Yeah you wouldn't want to go into distributed refcounting territory, that's quite a headache and not actually employed by any of the widely known distributed actor systems (akka, orleans, distributed erlang and their various ports and things they inspired). As such, the swift distributed cluster library also doesn't do distributed refcounting, instead you're tasked to figure out what suits your usage patterns, and handle it yourself.
You may be wondering if that's just punting the responsibility of a very hard problem to end users, and the answer is that not really because the usage-patterns driving distributed actor systems usually would actually not really benefit from such transparent counting IMHO anyway.
For example, the most popular and powerful (I really like linking Hoop's talk from 2014 to drive that point across, since he focuses nicely on the business and productivity side of what this programming model enabled them to do: https://www.youtube.com/watch?v=I91ZU8tEJkU&t=800s) way of using distributed actors is in a model where you "just assume the remote instance is always where", and leave it up to the cluster to either find the existing instance, or activate a fresh instance for given id (and potentially re-hydrate it with prior state). This pattern is called "virtual actors" (paper) as coined by the Orleans project, or cluster sharding + persistence by Akka, and we've not yet gotten to baking it into the distributed cluster library in Swift, but it'd certainly be a great addition (issue here) (as IMHO this is the most useful distributed actors pattern out there)
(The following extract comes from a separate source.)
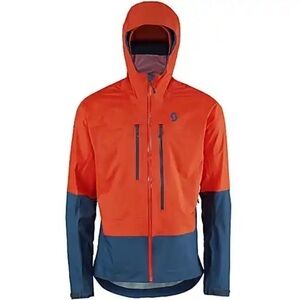 EUC Scott Trail MTN Dryo 20 jacket - orange/teal - size s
Imagine this example: you implemented a chess or card game using a distributed actor cluster. The "game instance" (state of the game) is stored inside a distributed actor in the server side cluster. There are two clients playing as opponents, maybe there's some spectators too. Now, the player's connections drop, but the game is still in a valid state and ongoing... Here's two ways to think about what to do:
- this is actual connection failures, so a cluster (like we offer) offers detecting those and you could indeed stop that game, but it's a business level decision of "yeah, they're gone, let's kill this game, maybe persist the state before we do so" etc;
- alternatively, and what akka and orleans systems are great at and you could build with our cluster system as well actually (!), the game can keep going, notice that remotes failed, kick off a timer that until they don't come back and make a move within 5 minutes... you'll actually kill that game instance.
So, IMHO, with distribution rarely is as simple as just shutting things down based on refcounts. Rather, often times the lifecycles are more interesting than that. I'm sure there are cases where this simple counting may be desirable, but I'd suggest not doubling down on it and either adopt an explicit way of communicating "usage".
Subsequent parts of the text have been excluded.